Data excerpts:
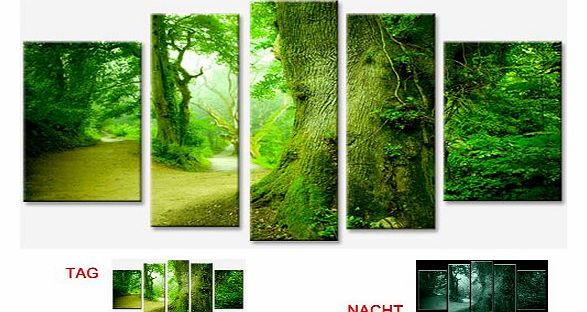 Trees in the Forest Canvas Wall Art Set of 5 Total 90x170 cm Startonight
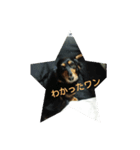 愛犬のスタ（個別スタンプ：6）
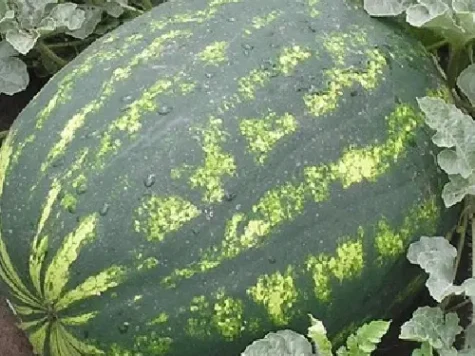 Semințe sta pepene verde Dochița 5gr - imagine 1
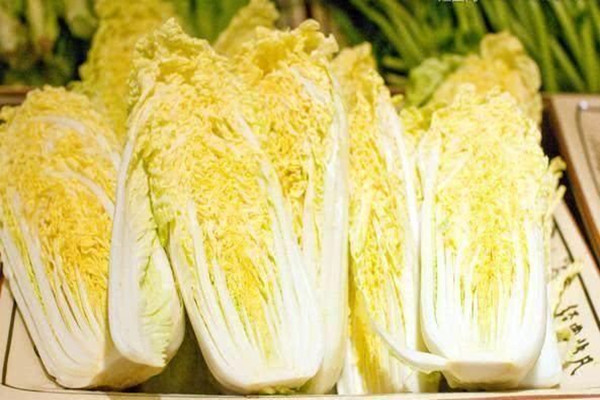 娃娃菜怎么選 娃娃菜怎么保存時(shí)間長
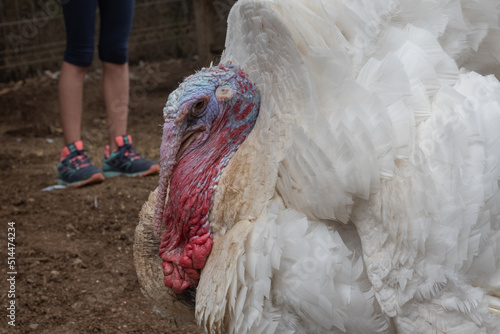 Tableau sur toile pavo en una granja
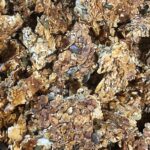 Granola Complete Granola Complete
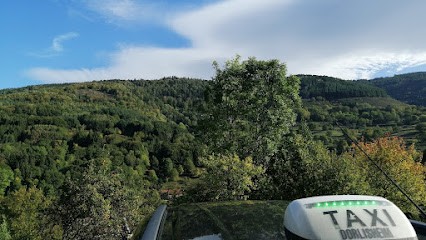 EIRL SAINTE ODILE, Taxi à Neuviller-la-Roche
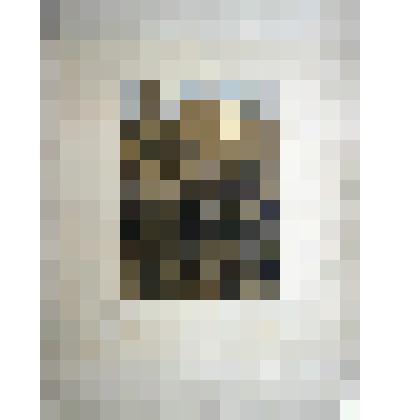 "Труд рабочих". Гравюра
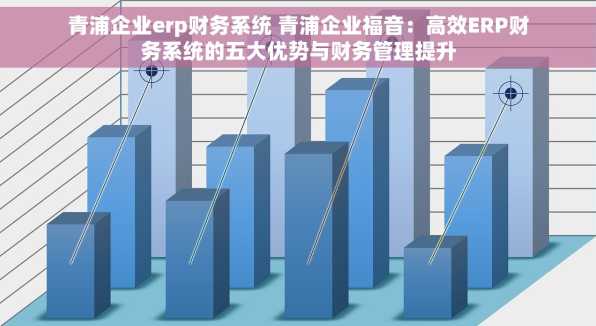 青浦企业erp财务系统 青浦企业福音：高效ERP财务系统的五大优势与财务管理提升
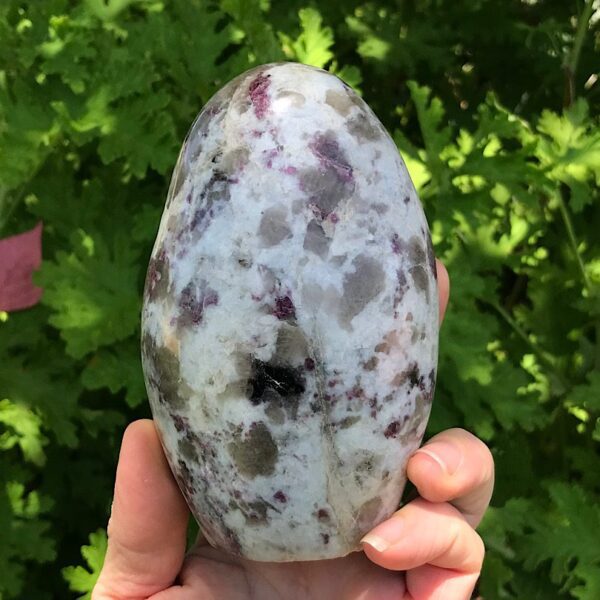 Red Tourmaline in Quartz Free-form - Image 4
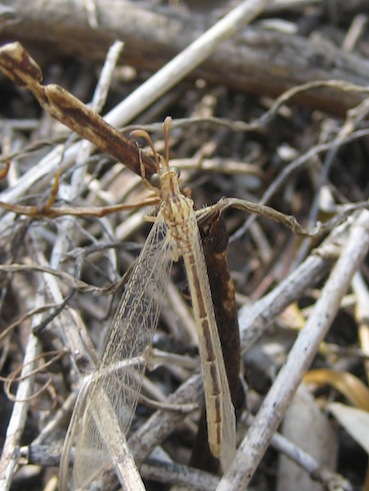 Macronemurus appendiculatus femmina.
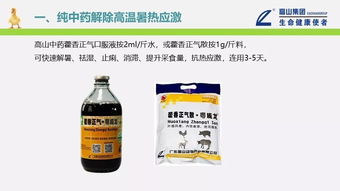 雷逹Raid欧丽嘉慧仲安速：价格实惠， 效果显著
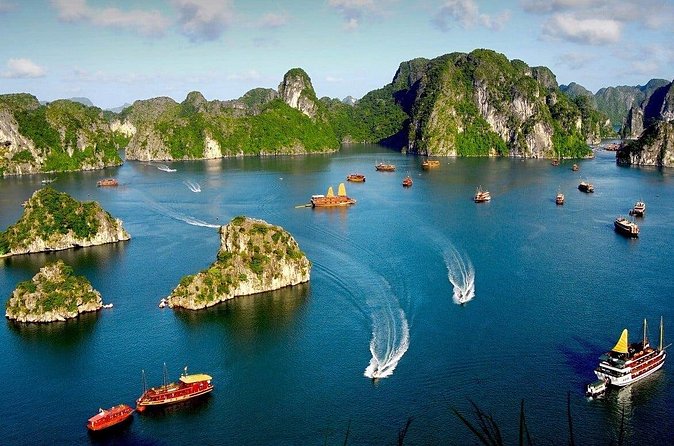 Unwind in Halong Bay 2 Days 1 Night Luxury Cruise from Hanoi - Food and Beverage Experience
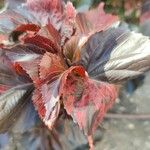 Acalypha wilkesiana Leaf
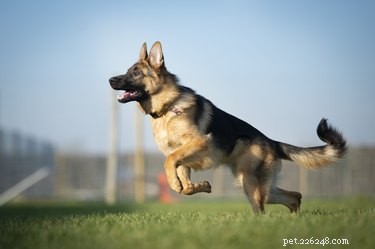 Can German Shepherds Turn Against Their Owners? Understanding Loyalty and Behavior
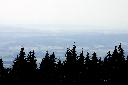 CRW_9921.jpg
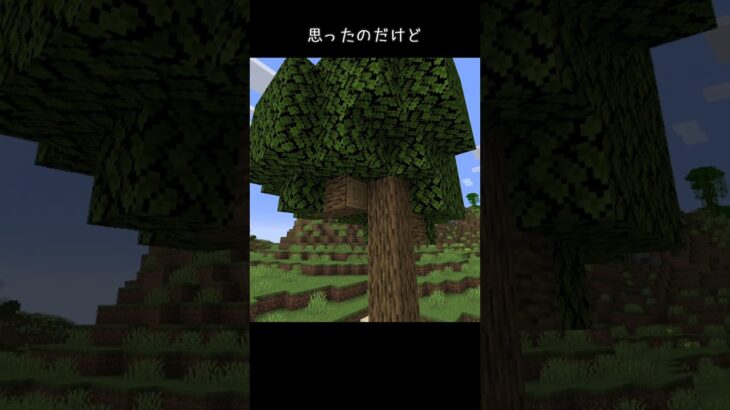 巨大オーク原木 #巨大建築 #マイクラ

### Work instructions
Reproduce every record above exactly, omitting the pictures.

### Worked solution
 Trees in the Forest Canvas Wall Art Set of 5 Total 90x170 cm Startonight
 愛犬のスタ（個別スタンプ：6）
 Semințe sta pepene verde Dochița 5gr - imagine 1
 娃娃菜怎么選 娃娃菜怎么保存時(shí)間長
 Tableau sur toile pavo en una granja
 Granola Complete Granola Complete
 EIRL SAINTE ODILE, Taxi à Neuviller-la-Roche
 "Труд рабочих". Гравюра
 青浦企业erp财务系统 青浦企业福音：高效ERP财务系统的五大优势与财务管理提升
 Red Tourmaline in Quartz Free-form - Image 4
 Macronemurus appendiculatus femmina.
 雷逹Raid欧丽嘉慧仲安速：价格实惠， 效果显著
 Unwind in Halong Bay 2 Days 1 Night Luxury Cruise from Hanoi - Food and Beverage Experience
 Acalypha wilkesiana Leaf
 Can German Shepherds Turn Against Their Owners? Understanding Loyalty and Behavior
 CRW_9921.jpg
 巨大オーク原木 #巨大建築 #マイクラ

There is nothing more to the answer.